A 13-year-old boy, Denis Langat, has been given a special government job, nearly a year after confronting Rift Valley Regional Commissioner, George Natembeya.
The National Cohesion and Integration Commission (NCIC) appointed Langat, a student at Township Academy in Narok South, as a child peace ambassador as part of the measures NCIC is using to rehabilitate children familiar with clashes.
When not in school, Langat accompanies NCIC commissioners and officers from Narok County to peace forums in the area where he calls for disarmament while preaching peace among the Maasai, Kipsigis and Maasai communities.

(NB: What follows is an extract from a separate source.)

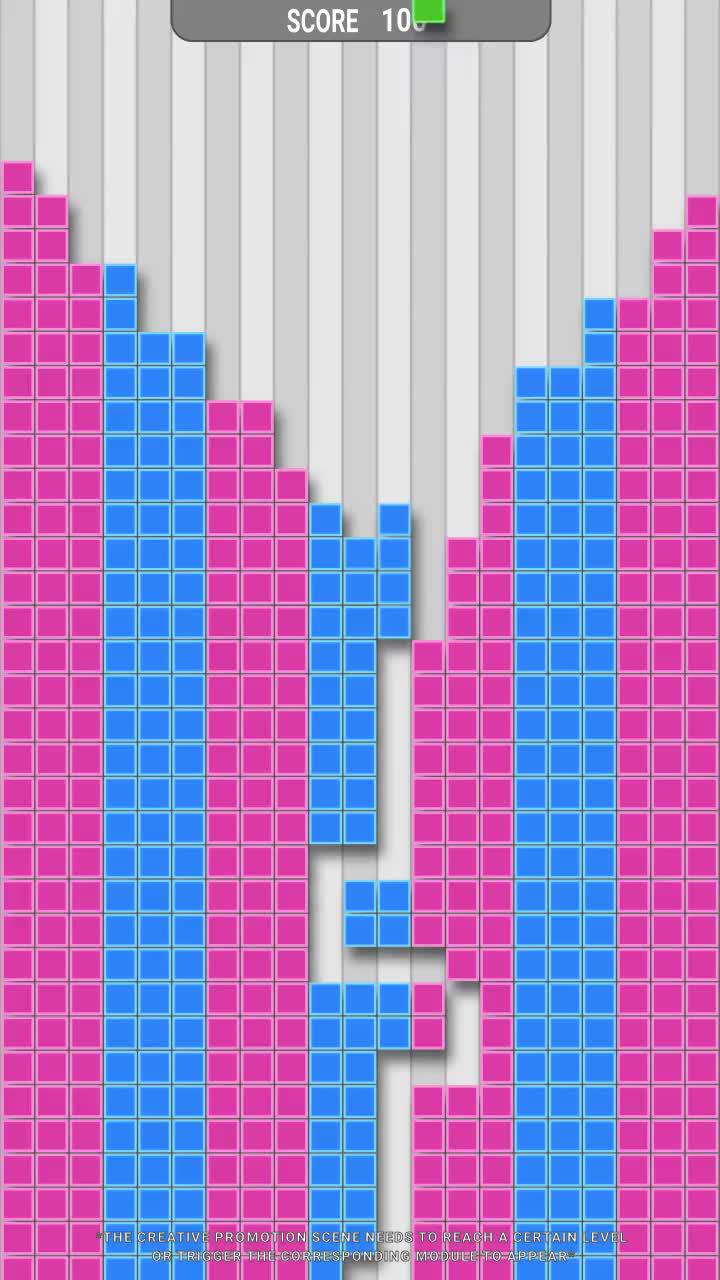 Play a new blocks puzzle every day! Try for free!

“There are those among you that have not surrendered your weapons, kindly do so before the government catches up with you.
“We surrendered bows and arrows peacefully in 2020 but I wonder, do you want to hide in caves and dig holes to escape the wrath of the government,” the 13-year-old warned.

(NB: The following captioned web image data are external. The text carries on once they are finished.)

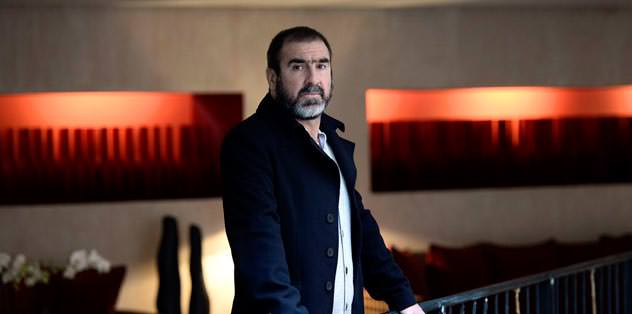 Cantona evini açıyor!
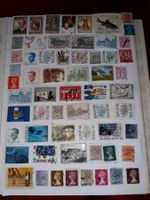 60 timbres de belgique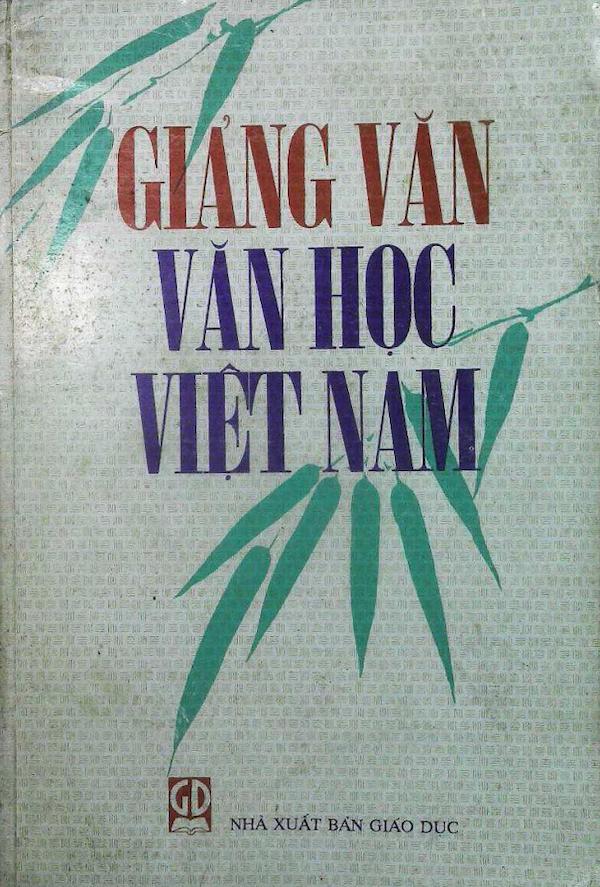 Giảng Văn Văn Học Việt Nam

His mother lauded the government for securing the future of his son and also disclosed that they have been resettled to a new home after their house was burnt during an inter-community conflict in 2020.

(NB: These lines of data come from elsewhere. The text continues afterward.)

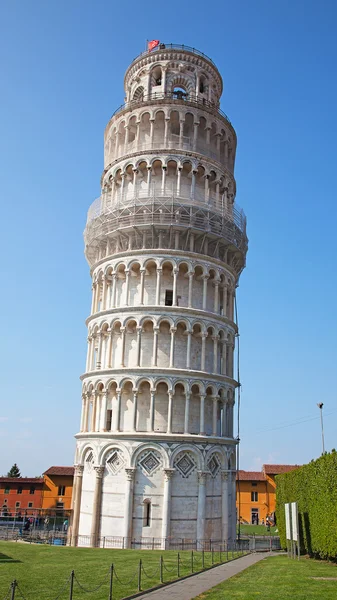 Wieża w Pizie — Zdjęcie stockowe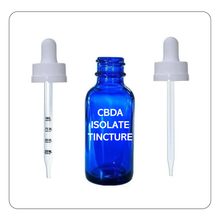 Load image into Gallery viewer, CBDA Isolate Tincture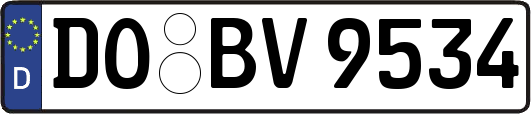 DO-BV9534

“I was worried about his future. I always broke down when I looked at him. I thank God for the new job and I am proud of him. I wondered what his life would have turned to if he had joined older men to fight in the forests,” the mother wondered.
On Wednesday, May 27, 2020, Natembeya picked out Langat from a group of warriors and interrogated him, wondering why he was risking his life.
The young boy claimed that his father was away herding cattle and that he had no other choice than to guard the mother and their property.
“If a boy like this grows up in this kind of environment, what does he learn? I saw him on TV the other day holding bow and arrows,” Natembeya stated.
A few weeks later, the 13-year-old surrendered his weapons and was offered a government scholarship.